- Supplied information:
━━━━━━

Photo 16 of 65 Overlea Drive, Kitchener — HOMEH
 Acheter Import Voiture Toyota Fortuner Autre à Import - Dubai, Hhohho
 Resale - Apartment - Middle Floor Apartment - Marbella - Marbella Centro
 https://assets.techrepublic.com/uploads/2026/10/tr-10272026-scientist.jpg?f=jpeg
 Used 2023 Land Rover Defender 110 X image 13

━━━━━━

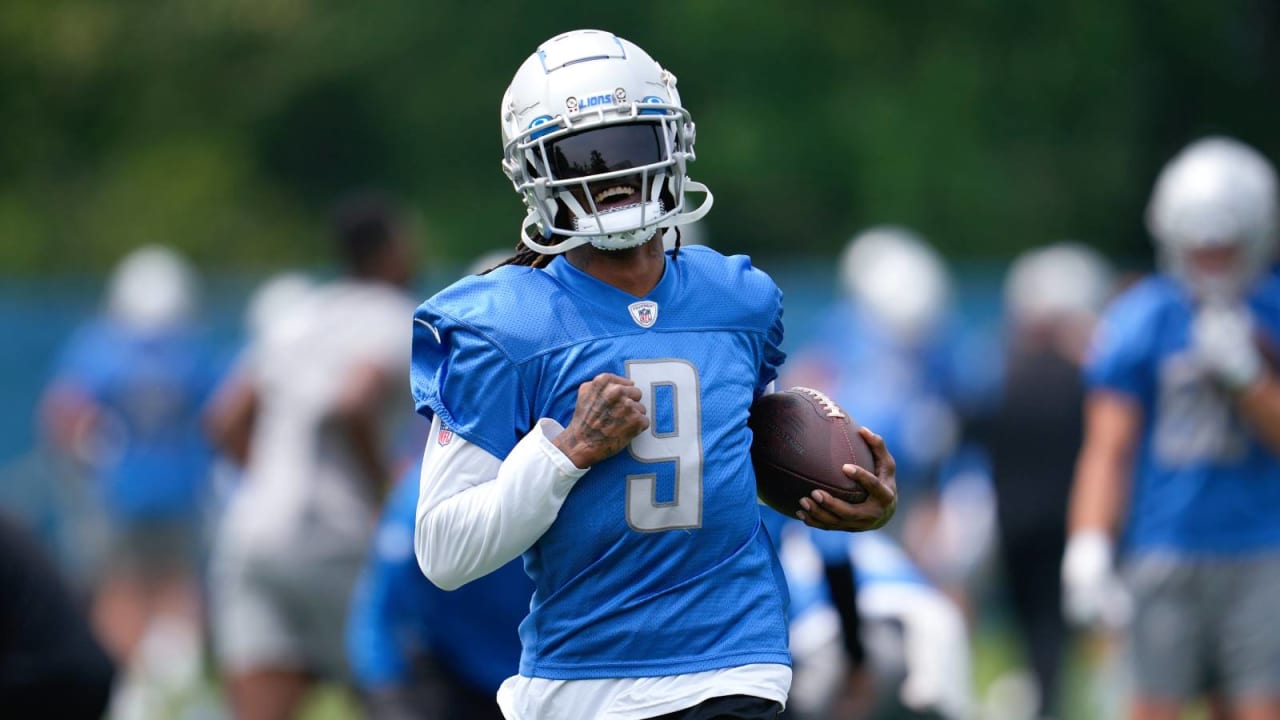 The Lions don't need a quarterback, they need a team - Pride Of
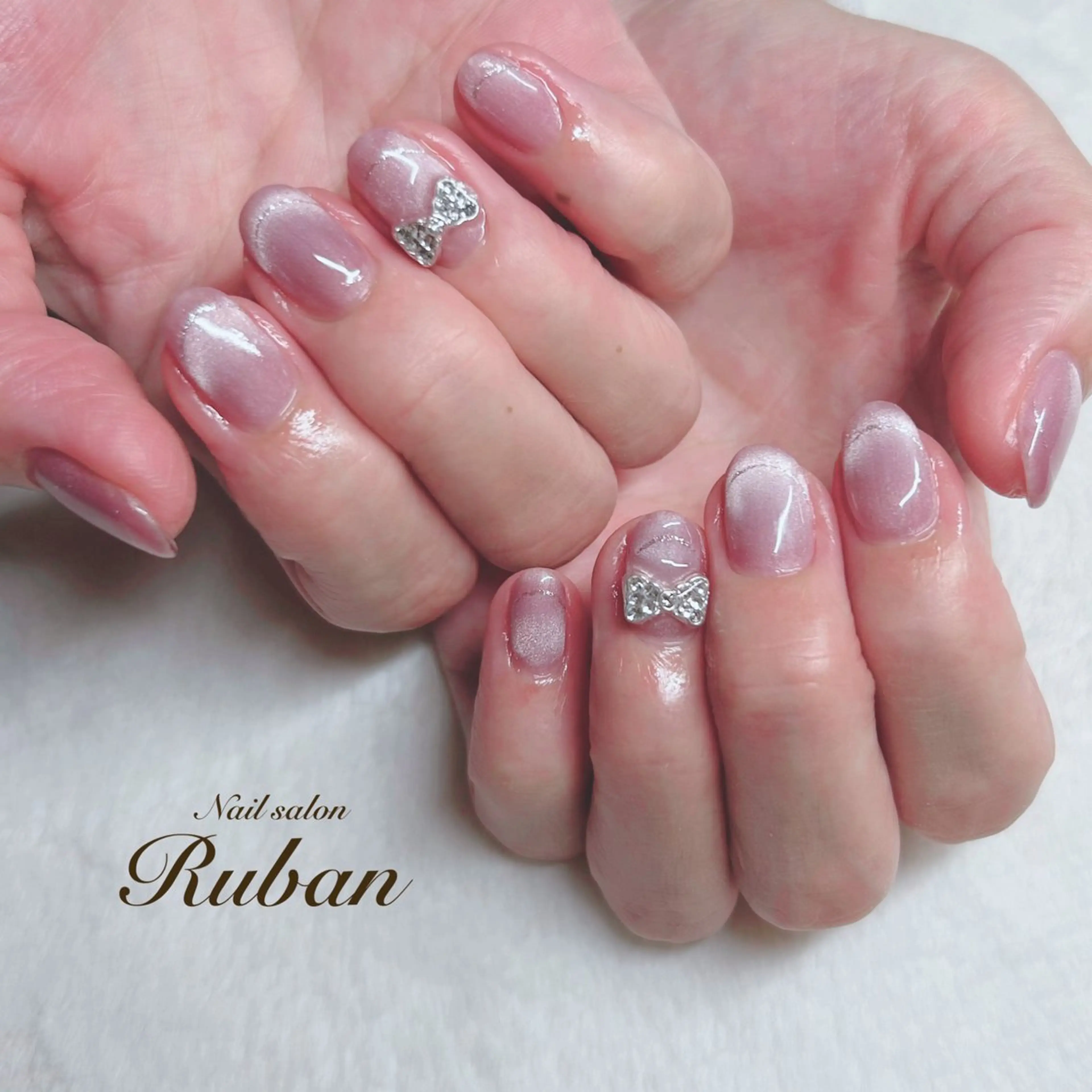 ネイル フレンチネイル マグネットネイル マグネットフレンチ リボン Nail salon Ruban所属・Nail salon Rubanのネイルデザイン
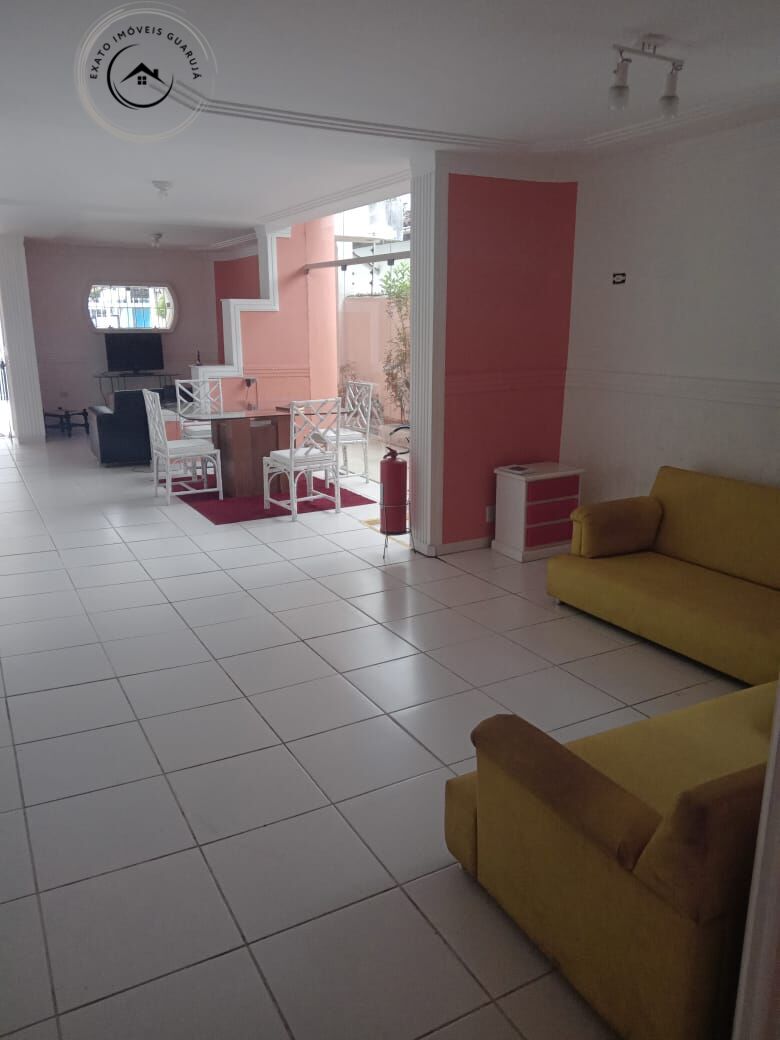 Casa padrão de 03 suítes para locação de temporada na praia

━━━━━━

- Task to carry out: Would you print exactly the lines in the listing above, from the line bearing "ネイル フレンチネイル マグネットネイル" through the line bearing "Casa padrão de", leaving out all pictures?

- Exercise answer:
 ネイル フレンチネイル マグネットネイル マグネットフレンチ リボン Nail salon Ruban所属・Nail salon Rubanのネイルデザイン
 Casa padrão de 03 suítes para locação de temporada na praia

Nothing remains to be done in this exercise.